The controller 400 includes a plurality of electrical and electronic components that provide power, operational control, and protection to the components and modules within the controller 400 and/or the concrete saw 10. For example, the controller 400 includes, among other things, a processing unit 445 (e.g., a microprocessor, a microcontroller, electronic process, electronic controller, or another suitable programmable device), a memory 450, input units 455, and output units 460. The processing unit 445 includes, among other things, a control unit 465, an arithmetic logic unit (“ALU”) 470, and a plurality of registers 475 (shown as a group of registers in
The memory 450 is a non-transitory computer readable medium and includes, for example, a program storage area and a data storage area. The program storage area and the data storage area can include combinations of different types of memory, such as a ROM, a RAM (e.g., DRAM, SDRAM, etc.), EEPROM, flash memory, a hard disk, an SD card, or other suitable magnetic, optical, physical, or electronic memory devices. The processing unit 445 is connected to the memory 450 and executes software instructions that are capable of being stored in a RAM of the memory 450 (e.g., during execution), a ROM of the memory 450 (e.g., on a generally permanent basis), or another non-transitory computer readable medium such as another memory or a disc. Software included in the implementation of the concrete saw 10 can be stored in the memory 450 of the controller 400. The software includes, for example, firmware, one or more applications, program data, filters, rules, one or more program modules, and other executable instructions. The controller 400 is configured to retrieve from the memory 450 and execute, among other things, instructions related to the control processes and methods described herein. In other constructions, the controller 400 includes additional, fewer, or different components.

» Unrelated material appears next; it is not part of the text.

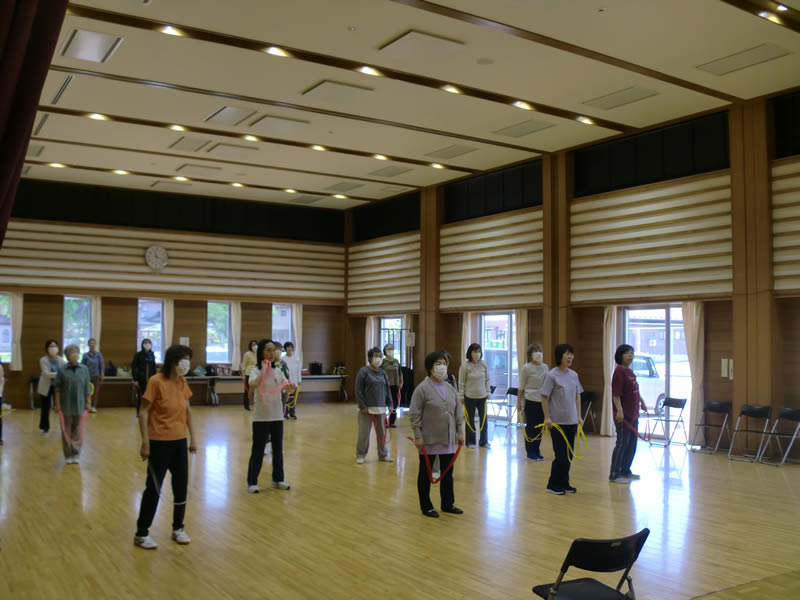 健康運動教室第1回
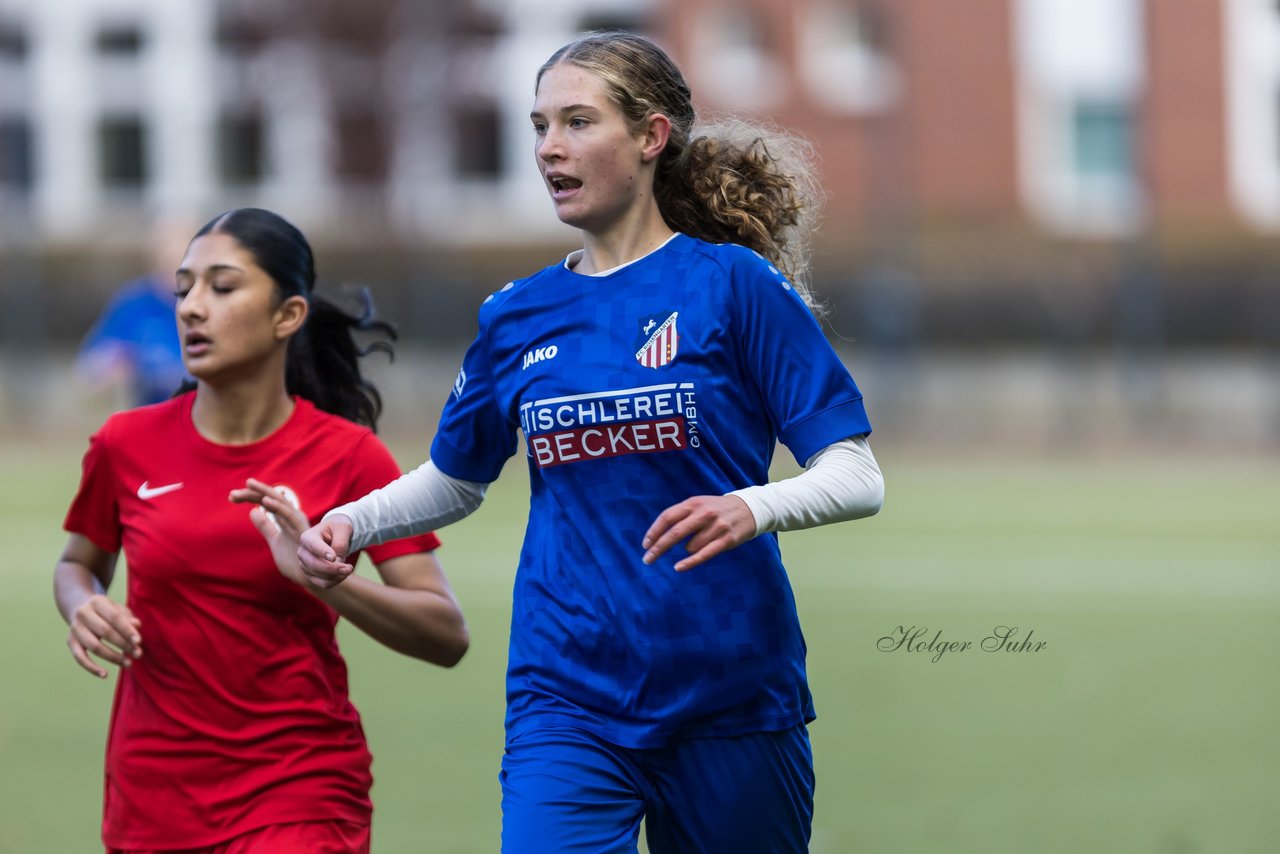 Bild 85 - wCJ Eimsbuettler TV - FC Rosengarten : Ergebnis: 2:0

The battery pack interface 110 includes a combination of mechanical components (e.g., rails, grooves, latches, etc.) and electrical components (e.g., one or more terminals) configured to and operable for interfacing (e.g., mechanically, electrically, and communicatively connecting) the concrete saw 10 with the battery pack 106). For example, power provided by the battery pack 106 to the concrete saw is provided through the battery pack interface 110 to the power input module 430. The power input module 430 includes combinations of active and passive components to regulate or control the power received from the battery pack 106 prior to power being provided to the controller 400. The battery pack interface 110 also supplies power to the FET switching module 440. The battery pack interface 110 also includes, for example, a communication line 485 for providing a communication line or link between the controller 400 and the battery pack 106.

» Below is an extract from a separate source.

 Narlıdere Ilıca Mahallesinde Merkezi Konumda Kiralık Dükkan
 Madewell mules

The sensors 415 include, for example, one or more voltage sensors 415a, one or more current sensors 415b, one or more temperature sensors 415c, one or more vibration sensors 415d, etc. The control system 348 uses the one or more sensors to monitor and control the operation of the concrete saw 10. The indicators 420 include, for example, one or more light-emitting diodes (“LEDs”). The indicators 420 can be configured to display conditions of, or information associated with, the concrete saw 10. For example, the indicators 420 are configured to indicate measured electrical characteristics of the concrete saw 10, the status of the concrete saw 10, the status of an operation of the concrete saw 10, etc. The user interface 425 is operably coupled to the controller 400 to, for example, select a forward mode of operation or a reverse mode of operation, a torque and/or speed setting for the concrete saw 10 (e.g., using torque and/or speed switches), etc. In some embodiments, the user interface 425 includes a combination of digital and analog input or output devices required to achieve a desired level of operation for the concrete saw 10, such as one or more knobs, one or more dials, one or more switches, one or more buttons, etc.

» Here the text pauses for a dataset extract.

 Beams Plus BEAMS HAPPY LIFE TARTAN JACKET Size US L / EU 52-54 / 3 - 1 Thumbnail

In the illustrated embodiment, the operator of the concrete saw 10 controls operation of the electric motor 118, which ultimately controls operation of the cutting blade 126 by the drive assembly 122, via the control system 348. Specifically, the motor housing 102 includes a current arming switch 495 (e.g., an on/off button) located adjacent the battery pack latch 114 as shown in
In other embodiments, the control system 348 can drive the electric motor 118 to rotate the cutting blade 126 at half speed for a first distance (e.g., the first 50 feet) that the cutting blade 126 is used. The operator can select a half speed or a full speed setting. If the half-speed setting is selected, the hardware sends a low signal to the micro-control unit (MCU), which indicates to the firmware that the electric motor 118 should be run at half of the full-speed value. If the full-speed setting is selected, the hardware sends a high signal to the MCU, which indicates to the firmware that the electric motor 118 should be run at the full speed value.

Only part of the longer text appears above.